# Hey! I'm new again.



## emmylou92

Hello, I was on here when I fell pregnant with my first in 2010 and left just after my second daughter was born in 2012.

Well I thought I'd come back.

I'm Emma, I have a 33 month old called Hollie and a 19 month old called Daisy. I'm in a relationship with their daddy and things are going well.

I'd love to know how Robyn's and Logan's mummy Laura is doing and Shannon with little Tori! <3 :flower:


----------



## 060509.x

Welcome back, I remember you from when I was pregnant. 

I'm Trish and my daughter is called Alice and will be 19 months as of tomorrow. :)


----------



## ClairAye

Welcome back, I'm sure I remember you! :wave:

My name is Clair, I'm 19, I have a son called Jason who is 17 months old and I am 34 weeks pregnant with our second baby :yellow: :flower:


----------



## mayb_baby

Welcome back, I remember you :hi:
I'm Lorna, 22 and my son Michael will be 3 on Christmas Eve


----------



## babyjan

Ohh I remember you, welcome back!


----------



## x__amour

Oh my gosh, Emma! Welcome back! :hugs:

I'm very well, thank you! Tori's a few days shy of 3 & we are expecting our 2nd now! 
Your beautiful girls are getting so big. :cry:


----------



## Mummy2Be__x

x__amour said:


> Oh my gosh, Emma! Welcome back! :hugs:
> 
> I'm very well, thank you! Tori's a few days shy of 3 & we are expecting our 2nd now!
> Your beautiful girls are getting so big. :cry:

Congrats Mama!!!!​


----------



## MiSS.M0MMY2BE

Welcome back! I'm erin, 19, &my little girl, kaleigh, is three months!


----------



## tinkerbelle93

Welcome back! I remember you from when I was pregnant :) i'm Hannah, 20 and have a 22-month-old named Oliver xx


----------



## o.o

welcome back! :hi: I'm Briana and i have two daughters, peighton and Savannah :flower:


----------



## emmylou92

So nice to hear from you all.

Shannon congratulations! 

They grow way too quick, gosh Hollie has potty trained now and Daisy is close behind. 
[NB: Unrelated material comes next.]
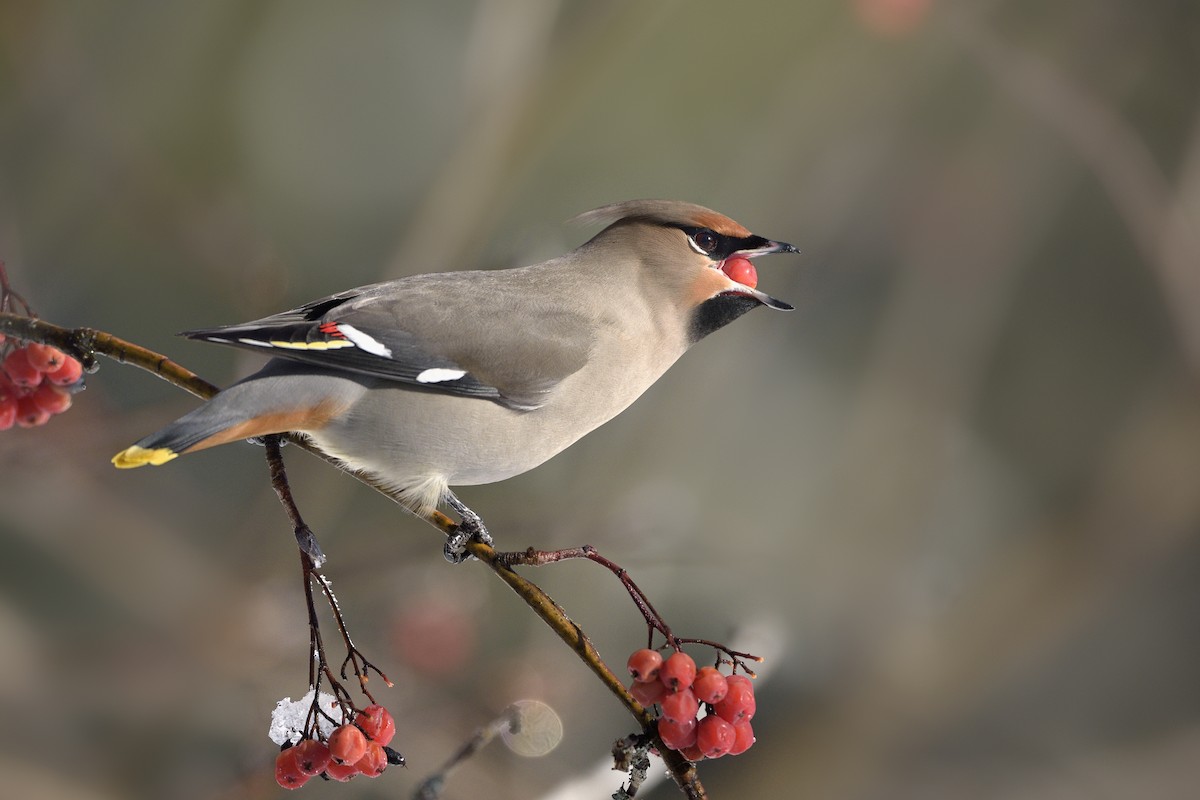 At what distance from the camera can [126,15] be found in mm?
6473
So nice to hear from you all :D


----------



## snowfia

Welcome back!
I remember you :) 
I'm Sophia, 19, have a little girl who's nearly 22 months and number 2 who was due 5 days ago!


----------



## beanzz

Welcome back! I remember you, I'm Josie and my son is Oakley :)


----------



## emmylou92

Hi, nice to see the same faces :)


----------



## xforuiholdonx

Hi Emma! Your girls have gotten so big! Welcome back!


----------



## rhdr9193..x

I remember you too :) I'm Rachel and Oliver is 19 months. 

Laura, Robyn and Logan's mummy now has Erin too :)


----------



## emmylou92

Hi, Laura's had another little one! Wow. Missed so much.


----------



## rockys-mumma

Bit late, but I remember you! Hope your little girls are doing well :D


----------



## xx~Lor~xx

emmylou92 said:


> Hello, I was on here when I fell pregnant with my first in 2010 and left just after my second daughter was born in 2012.
> 
> Well I thought I'd come back.
> 
> I'm Emma, I have a 33 month old called Hollie and a 19 month old called Daisy. I'm in a relationship with their daddy and things are going well.
> 
> I'd love to know how Robyn's and Logan's mummy Laura is doing and Shannon with little Tori! <3 :flower:




rhdr9193..x said:


> I remember you too :) I'm Rachel and Oliver is 19 months.
> 
> Laura, Robyn and Logan's mummy now has Erin too :)




emmylou92 said:


> Hi, Laura's had another little one! Wow. Missed so much.

:wave: HELLO!!! I missed this, sort of hard to get on here that often these days! How are you?! And Hollie and Daisy?! I do indeed have another now, my little Erin (must be mad eh ;) ) hope you are doing well, hope to catch you online some day soon. X


----------



## QuintinsMommy

Welcome back :)


----------



## sarah0108

Welcome back! I remember you, i had you on FB for a while :haha: hope youre ok x


----------



## kaylamariee

Hey:hi:
I'm Kayla, I'm 20 and have a 8 month old named Jordyn (girl).. and number two on the way.
Welcome back! :)


----------



## zerolivia

Hi! I'm new again too, haha. I posted on here a lot when I was pregnant back in 2011 & haven't been on in a while. I'd like to start up again. I found a lot of comfort from this forum!


----------